Task statement:
Everything from the first line of the data through the line with "ขายรถบรรทุก 6 ล้อดั้มพ์" is to be echoed exactly, minus the pictures.

Material provided:
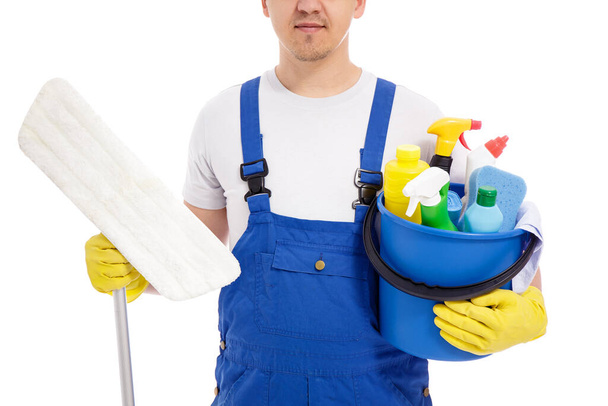 conceito de limpeza esfregona e balde com equipamento de limpeza em mãos masculinas isoladas sobre fundo branco - Foto, Imagem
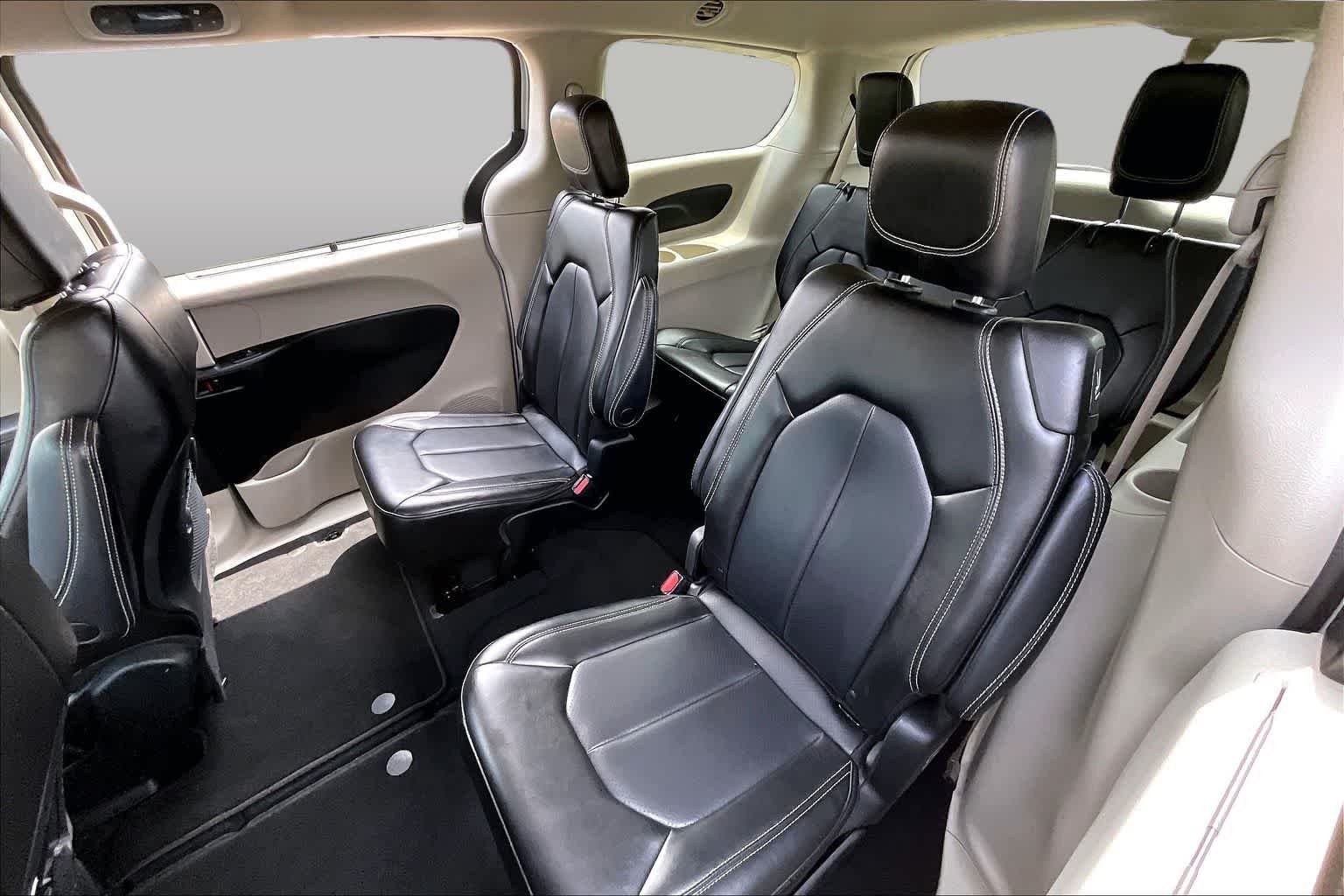 Used 2023 Bright White Clearcoat Chrysler Touring L image 35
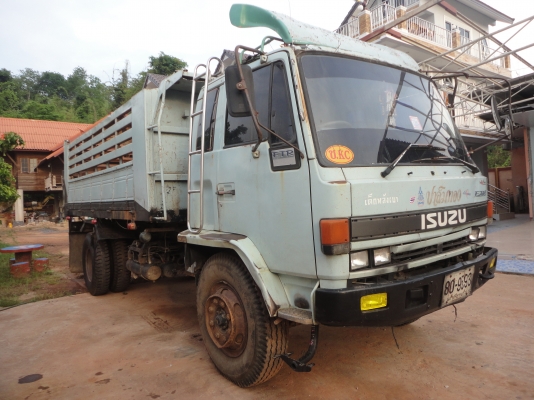 ขายรถบรรทุก 6 ล้อดั้มพ์ ISUZU ROCKY 195 นางฟ้า ห้างแท้ลดราคาเหลือ 680000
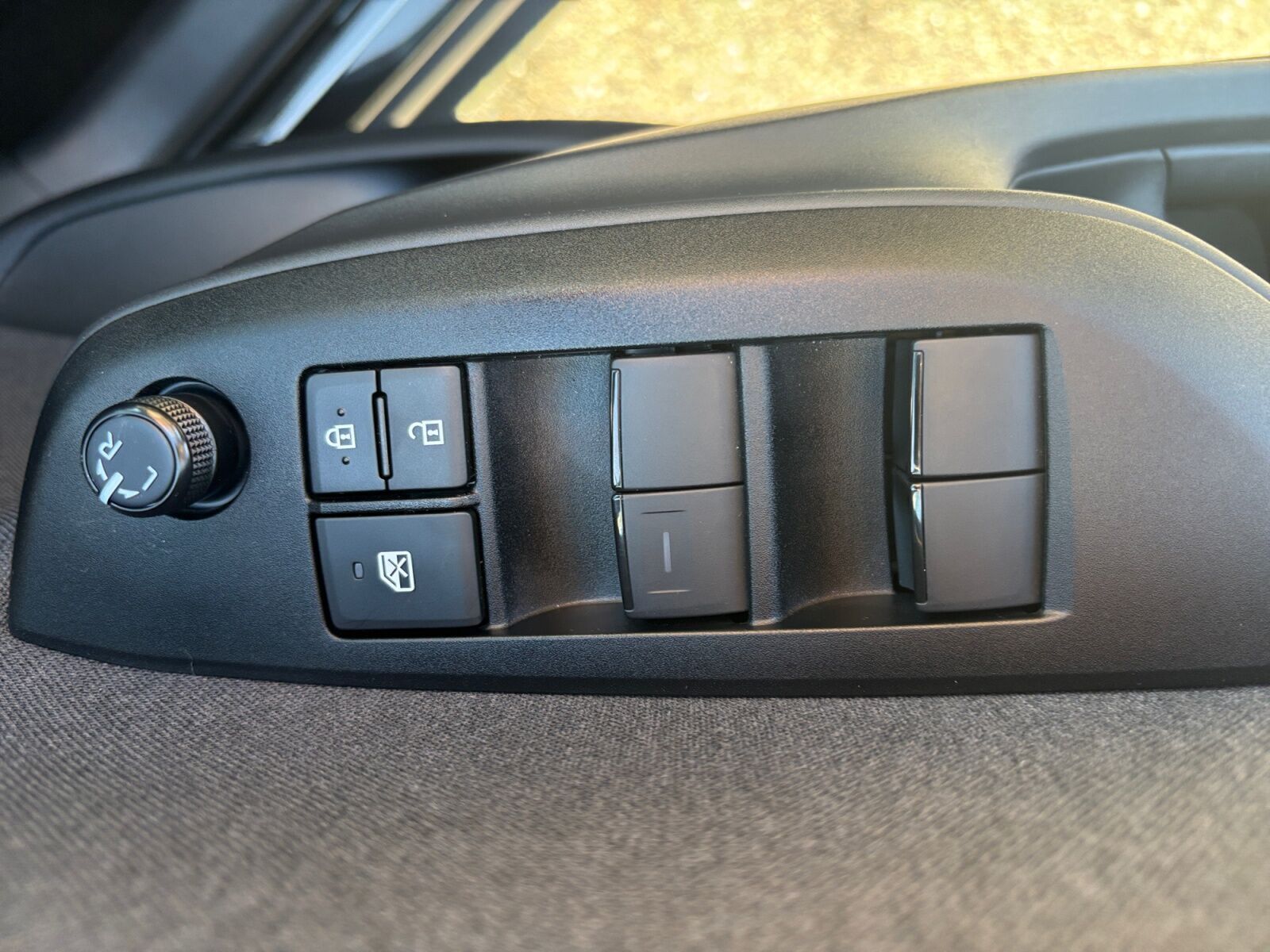 Sort Toyota Yaris Cross fra 2025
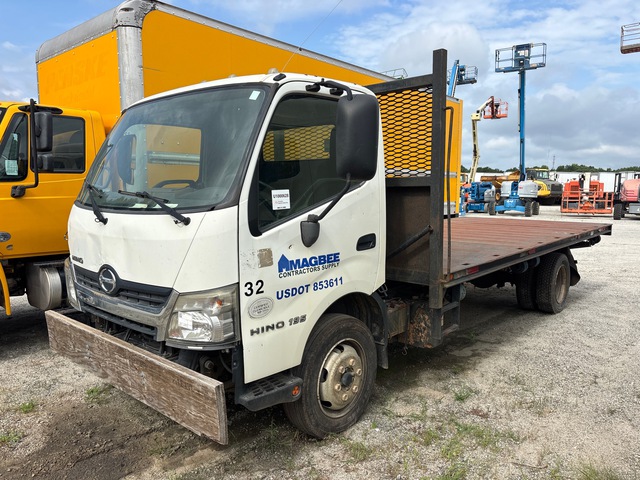 2016 Hino 195 4x2 Flatbed Dump Truck (Inoperable)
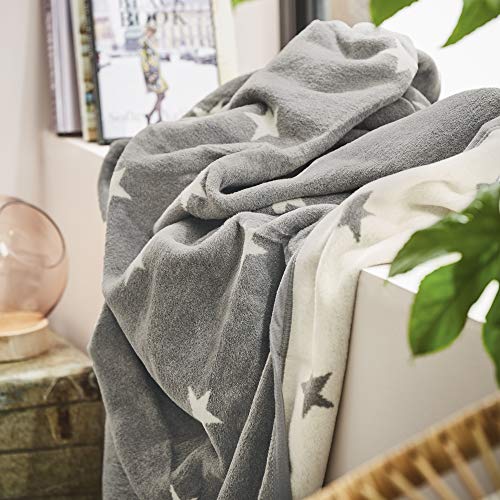 Ibena Atlanta Kuscheldecke 150x200 cm – Decke mit Sternenmuster, fröhliche Wohndecke aus hochwertiger Baumwollmischung, kuschelweich und angenehm warm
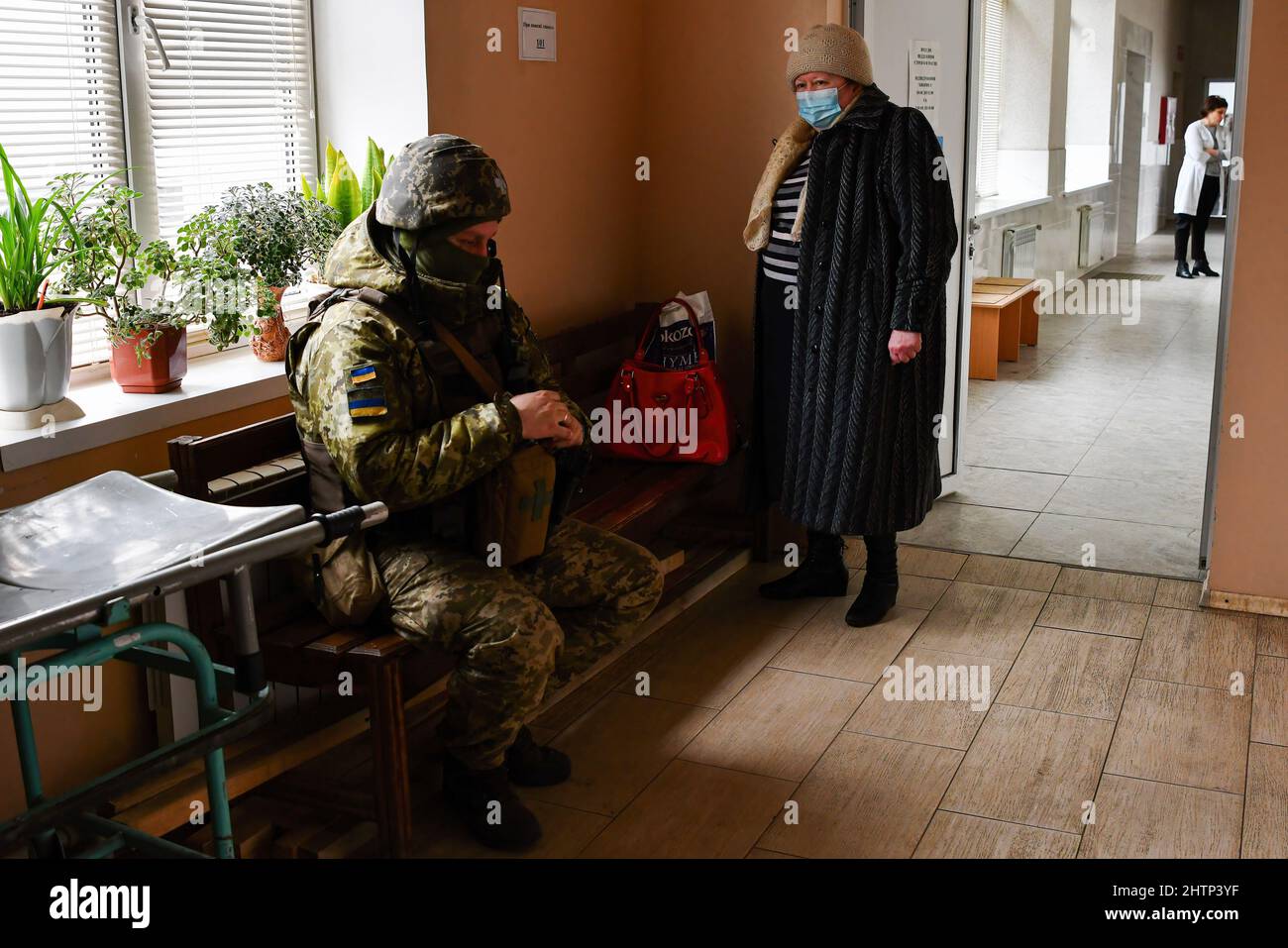 Kramatorsk, Ukraine, 1/3/2022, Kramatorsk, Ukraine. 01st mars 2022. Un militaire ukrainien attend à l'hôpital de la ville de Kramatorsk. Le président russe Vladimir Poutine a ordonné l'intervention militaire le 24 février, quelques jours après avoir reconnu deux enclaves séparatistes dans l'est de l'Ukraine. Il a affirmé que Moscou n'avait aucun plan pour occuper le pays voisin mais voulait "démilitariser" et "dénaziser" l'Ukraine. Le président ukrainien Volodymyr Zelenskyy a accusé la Russie d'essayer d'installer un gouvernement fantoche et a déclaré que les Ukrainiens défendront leur pays contre l'agression russe. Crédit: SOPA Banque D'Images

Response area:
 conceito de limpeza esfregona e balde com equipamento de limpeza em mãos masculinas isoladas sobre fundo branco - Foto, Imagem
 Used 2023 Bright White Clearcoat Chrysler Touring L image 35
 ขายรถบรรทุก 6 ล้อดั้มพ์ ISUZU ROCKY 195 นางฟ้า ห้างแท้ลดราคาเหลือ 680000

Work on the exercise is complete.